Ia memaparkan terdapat dua jenis utama penyakit ini, yakni hemofilia A dan hemofilia B. Hemofilia A terjadi akibat kekurangan faktor pembekuan darah gen F VIII, sementara hemofilia B disebabkan kekurangan gen F IX. Dari total kasus yang ditemukan, sebanyak 85 persen merupakan pasien hemofilia A.

Lebih lanjut, Prof. Niken meluruskan miskonsepsi yang sering terjadi di masyarakat. Menurutnya, masalah utama hemofilia bukan sekadar luka luar yang sulit berhenti, melainkan perdarahan di bagian dalam tubuh seperti sendi dan otot.

"Perdarahan internal pada sendi, terutama lutut dan pergelangan kaki, dapat menyebabkan nyeri, pembengkakan, hingga kerusakan permanen yang membatasi gerak jika tidak segera ditangani," tegasnya.

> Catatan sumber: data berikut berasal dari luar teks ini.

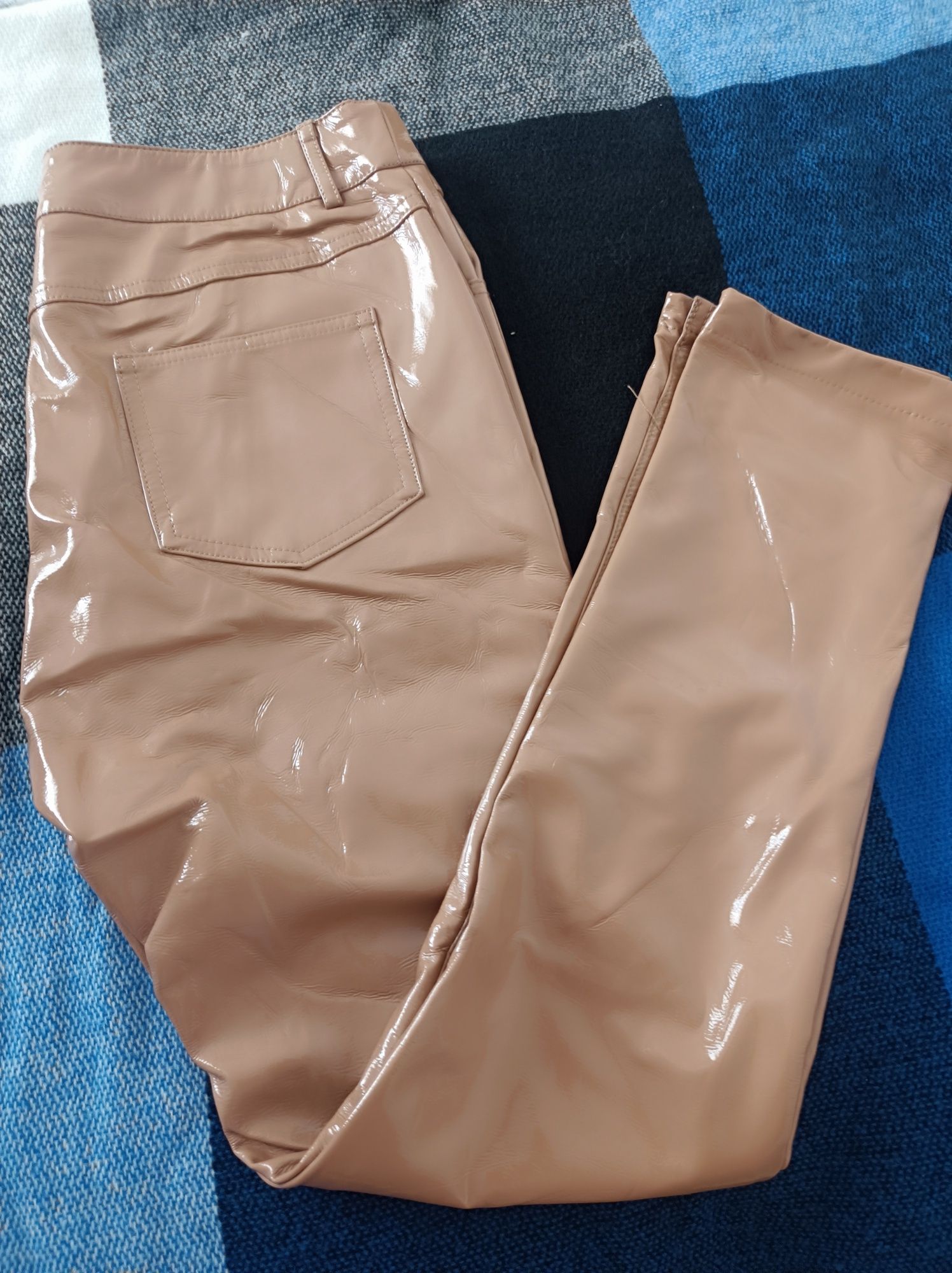 Pantaloni dama imitație piele Motivi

Secara genetik, hemofilia lebih banyak menyerang laki-laki karena mutasi terjadi pada kromosom X. Perempuan umumnya hanya menjadi pembawa sifat (carrier) tanpa gejala berat. Namun, Prof. Niken mencatat sekitar 20-30 persen kasus dapat muncul secara spontan akibat mutasi gen baru, meski tidak ada riwayat keluarga sebelumnya.

Terkait fasilitas medis, Prof. Niken mengakui bahwa teknologi pemeriksaan gen berskala besar di Indonesia masih terbatas karena kendala biaya dan laboratorium. Namun, kolaborasi antara universitas, rumah sakit, dan komunitas pasien mulai menunjukkan tren positif.